During the summer of 1858 Tolbert Fanning, President of Franklin College and a leader in Middle Tennessee for over twenty-five years, toured the congregations surrounding Nashville. He recounts this tour in the September 1858 edition of the Gospel Advocate (“Prospects in Middle Tennessee,” pp. 257-263).
He visited Hartsville and Bledsoe’s Creek congregations in Sumner county; Lebanon and Bethel in Wilson county; New Hope in Canon county; Ebenezer, Millersburg and Murfreesboro in Rutherford county, Shelbyville in Bedford county; Fayetteville in Lincoln county; Petersburg, Berea and Lewisburg in Marshall county; Williamsport and Columbia in Maury county; and Nolensville, Hillsboro, Thompson’s Station and Boston in Davidson county.
He drew three conclusions from his tour (pp. 262-263):
1. We have labored in Tennessee in word and teaching for twenty-nine years, and we never witnessed half the anxiety generally to hear and examine the Truth.
2. We never before saw half so many brethren determined to labor for the Lord. More churches are meeting for worship than have been at any previous date engaged.
3. We conscientiously believe that the brethren no where on earth possess a higher appreciation of the Truth, and of spiritual life, than in Tennessee, and with all our reverses the prospects are flattering. A faithful perseverence [sic] in well doing will remove mountains.
The recent “reverses” is an allusion to the devolution of the Nashville church under the leadership of Jesse B. Ferguson who embraced “spiritualism” as a theological method. His youth, popularity, and rhetorical flourish led the church away from its 1820s-1830s roots, according to Fanning.
However, this has occasioned a revival of sorts.
The apostacy and opposition of several popular men, who were numbered with us, have doubtless had the effect to induce the brethren to re-examine the foundation on which we are building, and the result is, that an unusual degree of intelligence is evinced by all who read and study, especially the Divine oracles. We regard it not the least flattery to intimate the probability that there are perhaps more independent thinkers, and devoted and intelligent Christians in Tenn., in proportion to the numbers professing faith, than in any other State in the Union. Our church afflictions have had the effect to weaken the confidence in the infallibility of men, to teach us humility, and we are not sure but they have had an influence to better qualify us for grappling with difficult questions.

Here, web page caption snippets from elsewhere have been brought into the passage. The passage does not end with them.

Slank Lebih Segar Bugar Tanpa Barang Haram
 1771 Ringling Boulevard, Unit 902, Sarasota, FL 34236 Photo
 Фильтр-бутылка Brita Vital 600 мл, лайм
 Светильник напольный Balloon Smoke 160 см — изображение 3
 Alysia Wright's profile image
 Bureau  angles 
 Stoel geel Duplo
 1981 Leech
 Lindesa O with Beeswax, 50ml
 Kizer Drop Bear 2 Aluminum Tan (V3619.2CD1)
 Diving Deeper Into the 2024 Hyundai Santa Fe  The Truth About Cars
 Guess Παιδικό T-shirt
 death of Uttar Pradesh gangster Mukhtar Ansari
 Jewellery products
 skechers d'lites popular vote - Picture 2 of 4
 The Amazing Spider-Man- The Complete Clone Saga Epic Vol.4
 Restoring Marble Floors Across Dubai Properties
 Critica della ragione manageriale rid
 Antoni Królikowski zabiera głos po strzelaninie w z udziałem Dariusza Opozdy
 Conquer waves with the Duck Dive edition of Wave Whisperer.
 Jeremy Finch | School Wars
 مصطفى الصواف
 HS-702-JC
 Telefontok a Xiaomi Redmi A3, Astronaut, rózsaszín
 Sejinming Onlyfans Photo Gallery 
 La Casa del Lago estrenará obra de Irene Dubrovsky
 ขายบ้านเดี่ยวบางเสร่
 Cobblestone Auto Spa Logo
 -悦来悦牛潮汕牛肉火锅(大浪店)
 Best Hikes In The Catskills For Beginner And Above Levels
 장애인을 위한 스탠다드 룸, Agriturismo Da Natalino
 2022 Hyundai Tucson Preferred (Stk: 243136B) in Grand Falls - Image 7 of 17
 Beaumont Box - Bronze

Fanning reports that he has seen evidence of a great growth in the “spiritual life” of congregations in Middle Tennessee (p. 257). One of the major pieces of evidence for him was the growing practice of “meeting weekly to worship” (p. 262). It was more common, as Fanning notes, for churches to meet only once a month or only when an Evangelist was in town (as was still the case for some communities like Lebanon). For Fanning the “Lord’s Day” is a critical part of what it means to be a church, to cooperate in the work of the Lord, and to fulfill the mission of Christ.
In future blogs I hope, as time permits, to explore this theological idea as Fanning seeks to inculcate a reverence for the Lord’s Day on the part of Middle Tennessee congregations.